That said, if you’re an academic who prefers anonymity and is uninterested in occasional bouts of online drama, then branding yourself in this manner may not be right for you. In the current environment — with professors being added to “watch lists” because of their politics or the subject matter they teach — that concern is understandable.
Extending your reach. Another benefit of creating an online brand is that you can extend your classroom and your scholarship. For example, by embedding research-related links, sharing photos of your archival findings, or explaining a difficult concept in plain language via a Facebook Note, you are teaching those who follow your feed.
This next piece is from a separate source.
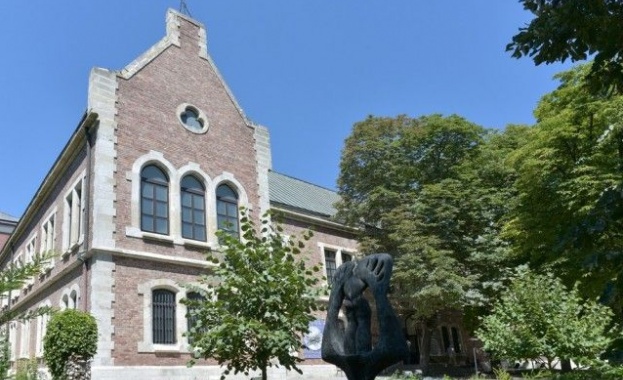 Образователна програма Гледай рисувай и учи започна в Градската художествена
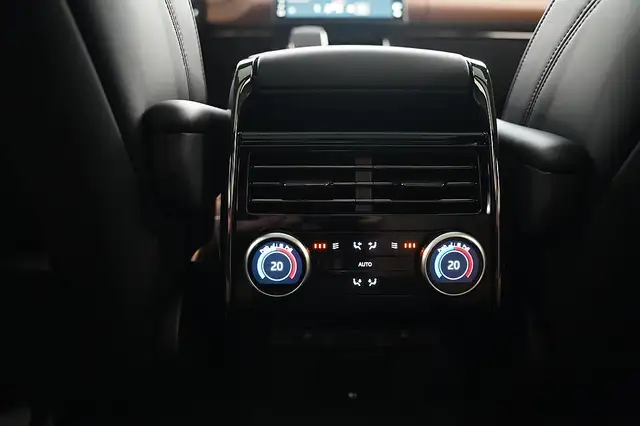 Land Rover Range Rover Sport P550e PHEV AWD Autobiography Ansicht 21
And in the long run, that can make a considerable difference in a person’s life.
Consider the widely circulated tweet: “RT [retweet] if a Black Feminist improved your worldview.” While that statement doesn’t immediately suggest “academia,” several reactions to it are grounded in higher education and came from scholars who’ve branded themselves accordingly on social media. Such online exchanges outside the classroom mean that you are broadening other people’s world views. Critical thinking, the cornerstone of higher ed, has occurred.
Finally, from those who’ve gone through the branding process as academics, here are three other benefits:
- It encourages you to think through who you are and how you want to be represented “out there.
- Branding forces you to decide on a consistent name, tagline (yes, create one), and communication style as well as which personal photos and videos to share.
- It gives you credibility.
A personal brand “is not achieved in cookbook fashion,” a 2014 opinion essay in Forbes proclaimed, with a note of exasperation. “There is no system of absolutes, no cookie-cutter methodology.”
So I won’t include a point-by-point list on how to brand yourself as an academic, but I do encourage those interested to give it the ol’ college try.